Butter Chicken Curry Kit Recipe (With Video)

When it comes to British Indian takeaway, Butter Chicken is the undisputed star of the menu. Known for its rich, creamy sauce and tender pieces of chicken, this iconic dish is beloved for its irresistible combination of flavours. Whether you’re a fan of fiery curries or prefer something milder, butter chicken hits the sweet spot, offering a luscious, mildly spiced experience that has won over curry lovers across the UK.

In British Indian takeaway culture, butter chicken is often the go-to dish for both curry aficionados and first-time curry eaters alike. Its smooth, luxurious sauce makes it a perfect choice for mopping up with a warm naan bread. It’s mild enough for those who shy away from heat, yet still full of depth for those who crave authentic Indian spices.

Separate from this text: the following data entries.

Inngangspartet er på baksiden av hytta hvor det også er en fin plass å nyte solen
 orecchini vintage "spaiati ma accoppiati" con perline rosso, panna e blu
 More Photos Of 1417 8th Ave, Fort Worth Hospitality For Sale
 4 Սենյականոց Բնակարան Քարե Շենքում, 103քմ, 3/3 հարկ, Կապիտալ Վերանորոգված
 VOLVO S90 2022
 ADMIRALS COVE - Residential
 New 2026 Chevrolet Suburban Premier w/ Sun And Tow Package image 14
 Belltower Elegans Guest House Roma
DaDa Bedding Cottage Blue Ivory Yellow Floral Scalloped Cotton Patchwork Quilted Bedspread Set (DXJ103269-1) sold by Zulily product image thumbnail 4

The Butter Chicken Curry Kit will allow you to create a restaurant quality dish at home that focusses on convenience but doesn’t compromise on quality.

Key Points

  • If you don’t want to use tikka, you can replace this with plain cooked chicken. If you need a super simple Chicken Tikka marinade, check out our webstore.
  • Cream can be substituted like for like with a dairy free cream alternative.
  • Do not use any less oil than advised in the recipe and do no use lower calorie alternatives like fry light. Doing either of these will mean the spices will burn, taste bitter and completely ruin the dish.
  • If you prefer a drier curry, use slightly less stock.
  • Suitable for freezer storage for up to 6 months.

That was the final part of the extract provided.